Spring semester of 2015/2016
Hume's Practical Philosophy: Passion and Virtues
Hume said: "Nothing is more usual in philosophy, and even in common life, than to talk of the combat of passion and reason, to give the preference to reason, and to assert that men are only so far virtuous as they conform themselves to its dictates." Focusing on books 2 and 3 of his Treatise, in this reading group we will see how Hume's theory of the passions and moral theory aimed to overcome such a simplistic picture of human psychology and moral virtue. We will try to understand and evaluate Hume's famous statements that reason is and ought to be the slave of the passions, and that you cannot derive an 'ought' from an 'is'. We will compare Hume's own picture with contemporary Humean and anti-Humean approaches to practical philosophy, as regards the analysis of emotions, the theory of moral judgment, and the nature of virtue and vice.
Bernard Williams's Shame and Necessity
Reading Bernard Williams's Shame and Necessity.
History of Political Thought
As the historian Eric Hobsbawm wrote, “words are witnesses which often speak louder than documents.” This course will examine words and concepts from ancient Greece until the 19th century: dignity, justice, reason, nature, freedom, political community, equality, ideology, democracy, socialism and communism. To imagine the world without such words and the political concepts which they signify is to measure the profundity of the political ideas that shape our world. Beginning with Greek tragedy, the course will examine fundamental questions in the long tradition of political thought. Who is a citizen? Why should we obey the law? When is civil disobedience higher than the law? What is freedom and how is related to equality? What is political obligation? Why do individuals have the right to be treated with dignity and respect? Comprised of three parts: ancient, medieval and modern; the readings are brief selections from classical authors, rather than from secondary sources. Basic concepts such as justice, the rule of law, citizenship, power, liberty, equality, reason and representative government are traced from their origins in Greek thought to their development in the Renaissance to show how they guide political thinking today. The course discussions will emphasize the historical context and main points of different political thinkers and ideas. Because it is a historical class, attendance is important so that intellectual and historical influences of time periods are clear. Readings will be available on SIS. The class will be lecture and seminar format, based on the readings from a designated day.

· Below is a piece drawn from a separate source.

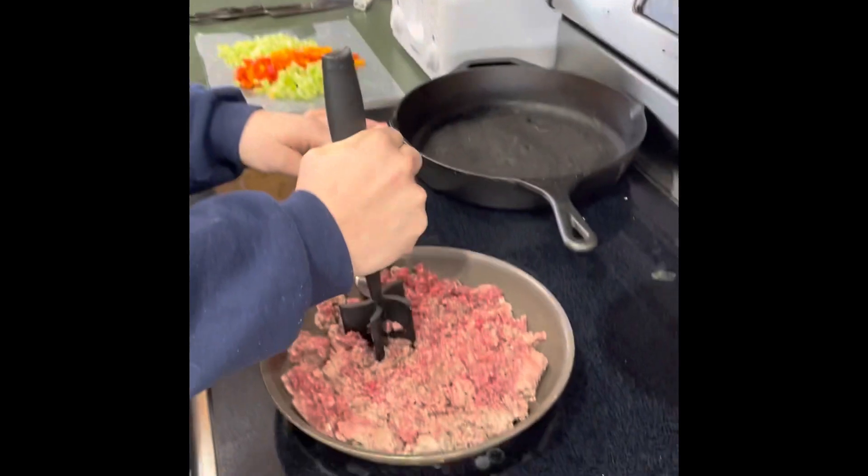Hey guys, I am going to be making some chili today that's Optavia plan approved. I feel like there's nothing better to have on a snow day than chili.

The aim of the course is to acquaint the students with the philosophical foundations of critical thinking, most common types of faulty argumentation and to give them the skills to apply both at analyzing and re-constructing different kinds of arguments.
Social and Ethical Aspects of Engineering
Mats Volberg, Margit Sutrop, Ave Mets, Edit Talpsepp, Francesco Orsi
The objective of the course are to provide students with: Knowledge of ethical theories (general, enviromental ethics, research ethics, professional ethics etc). Ability to reflect upon ethical issues. Capacity to justify ethical positions. Teamwork and presentation skills.
Introduction to Philosophy of Language
This course introduces the main contemporary theories and basic concepts of the discipline in the analytic tradition.
Introduction to Epistemology
Alexander Stewart Davies
This lecture series will introduce students to the main topics in contemporary epistemology. Topics will include: the analysis of knowledge, sources of knowledge, and the problem of scepticism.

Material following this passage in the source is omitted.